Frontend node service for data collected from palantiri

Getting Started

Install

Installing this code base requires the use of the npm command available within the nodejs install. You will need to install it locally before moving on with the installation.

npmjs getting started

Download nodejs

    $ git clone https://github.com/anidata/ht-archive.git
    $ cd ht-archive
    $ npm install

Database

This guide will walk you through the process of setting up a local PostgreSQL server and importing the database backups so that you can use the ht-archive web application.

Scroll down for command line installation instructions.

Recommended Method - Docker Container(s)

Two docker containers are used: 1) a PostgreSQL server and 2) the web application running node.js that runs the web search. The database is mounted to the PostgreSQL docker container via an easily accessilble folder (referred as /SOME_FOLDER).

  1. If you haven't already installed Docker, follow the directions on the Docker website: https://www.docker.com/products/overview. Using macports or brew is not suggested.

  2. Download the (~400 MB compressed, ~6.5 GB extracted) PostgreSQL backup from one of the following places (destination is referred to as /THE_FOLDER_WITH_DOWNLOADED_FILE):

  3. Extract the SQL file from the downloaded crawler_er.tar.gz to /THE_FOLDER_WITH_DOWNLOADED_FILE using the following command on the command line or an archive tool:

    $ tar xzf /THE_FOLDER_WITH_DOWNLOADED_FILE/crawler_er.tar.gz
    
  4. Build/run the PostgreSQL server. Ensure /SOME_FOLDER is empty and be sure to complete the next two steps before stopping the docker container. Otherwise, the docker container will need to be fixed (removing is simplest). Note that if successful, it will leave a terminal window running, and further commands will require a different/new terminal window.
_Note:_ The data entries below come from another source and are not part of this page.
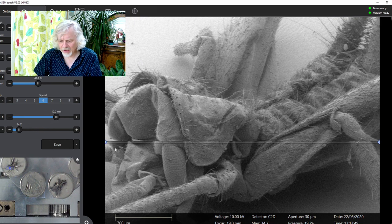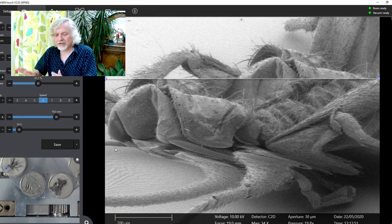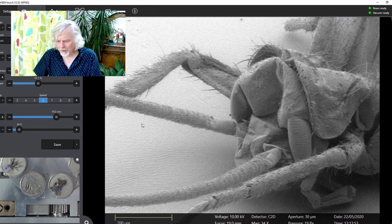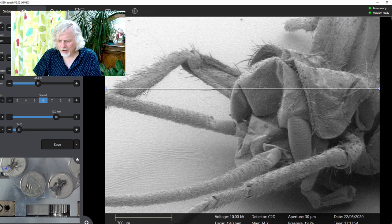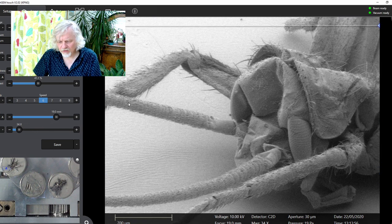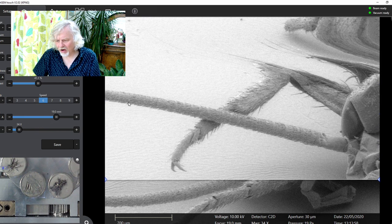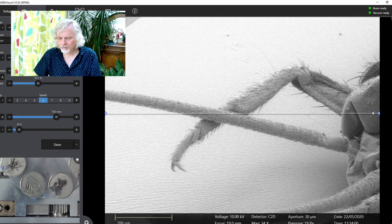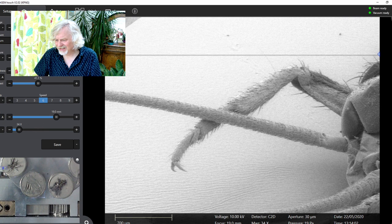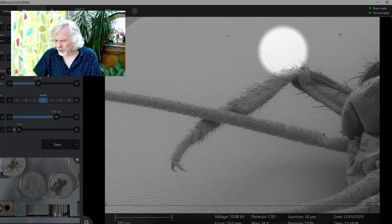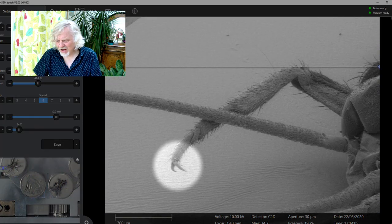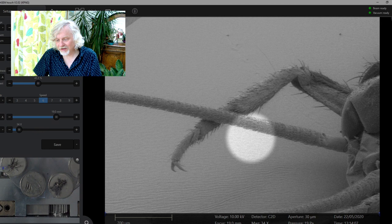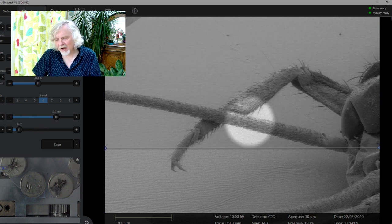So if I move it, I can sort of change where we're looking. I'm going to go sort of there. We'll center on that part. So here's the antenna. Here's the head. There's one of its legs, its front legs, with the claw on the front. And here's the antenna sticking up here.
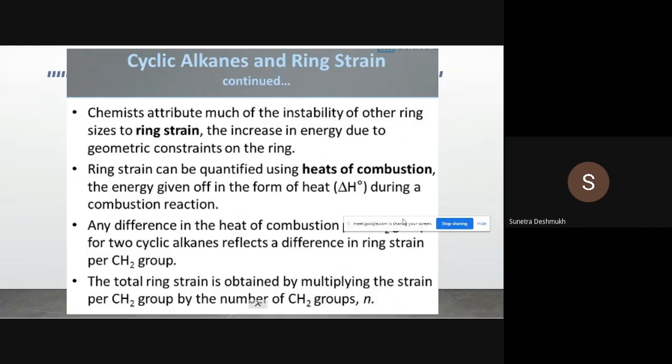Chemists attribute much of the instability of certain ring sizes to ring strain — the increase in energy due to geometric constraints on the ring. Ring strain can be quantified. So how do we calculate the ring strain? For example, how do we say that cyclopropane has this much ring strain?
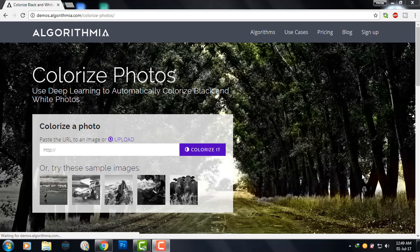In this video, I'm going to show you how you can colorize your black and white photos in less than 10 seconds. So let's begin.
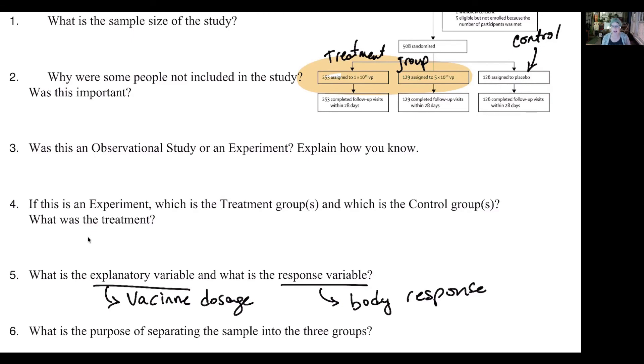We're going to have a discussion board about the placebo effect - it's just fascinating. It turns out that the higher dosage ended up being more effective. I'll post the solutions to these questions on Canvas so you can see my answers. It was great to see you all - stay safe and have a great weekend, we'll see you next week.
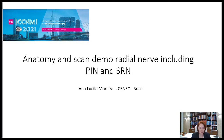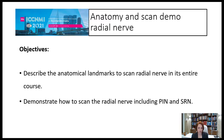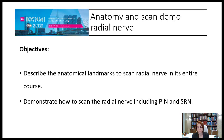My talk today will be about the radial nerve. I'll describe the anatomical landmarks to scan the radial nerve in its entire course and demonstrate how to scan this nerve, including the posterior interosseous nerve and superficial radial nerve.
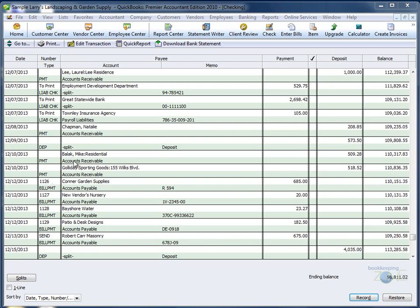The top part of the third column will be your payee, who you made the check out to. And the bottom part will show the accounts you are affecting, as well as any memos if you put them into your transaction detail.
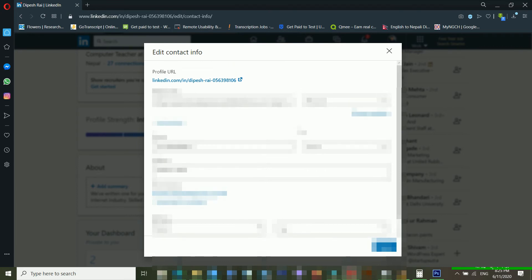From here you can change everything you want. I hope you understand how to change your recovery email address or recovery mobile number inside your LinkedIn account, which will be very helpful when you are trying to recover your account. There are also lots of separate and useful tips and tricks available to recover your LinkedIn account.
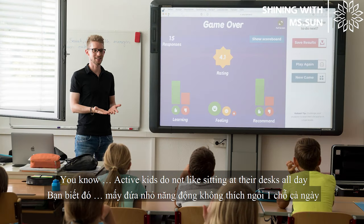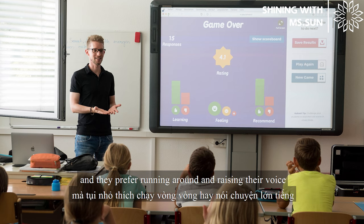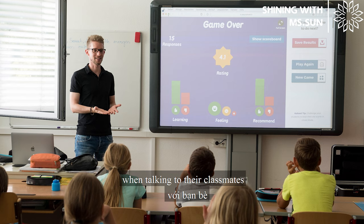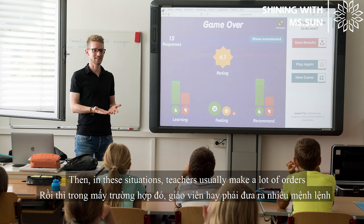Active kids do not like sitting at their desk all day, and they prefer running around and raising their voice when talking to their classmates. In these situations, teachers usually make a lot of orders to calm them down.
    $ sudo docker run -d -e POSTGRES_PASSWORD=1234 -e POSTGRES_USER=dbadmin -e POSTGRES_DB=sandbox -v /SOME_FOLDER:/var/lib/postgresql/data -p 5432:5432 --name postgres postgres
    
    • The command downloads, partially configures, and runs the docker image and container postgres:
    • -d sets it as a daemon that will run in the background
    • -e sets environment variables
    • -v mounts the folder \SOME_FOLDER to the container
    • -p sets the network port
    • --name names the names the container postgres
    • postgres references the docker standard PostgreSQL image
  5. Copy the the crawler.sql file that was extracted from crawler_er.tar.gz to /SOME_FOLDER

    $ cp /THE_FOLDER_WITH_DOWNLOADED_FILE/crawler.sql /SOME_FOLDER
    
  6. Load the crawler database into the PostgreSQL server. This step will take a few minutes and will return to the command line when finished. If it fails, see below for some troubleshooting suggestions.

    $ sudo docker exec postgres psql --username dbadmin -c "CREATE DATABASE crawler" sandbox
    
    • The docker exec runs a command in the previously created docker container named postgres
    • psql runs the postgreSQL
    • --username runs the following psql command under the username dbadmin
    • -c runs the psql command "CREATE DATABASE crawler"
    • sandbox is the default database specified earlier
    $ sudo docker exec postgres psql --username dbadmin -f /var/lib/postgresql/data/crawler.sql crawler
    
    • -f runs the commands in the postgres file crawler.sql that we linked to \SOME_FOLDER
    • crawler use the crawler database created in the previous step
  7. Start the web application
    a. Start the application with the following.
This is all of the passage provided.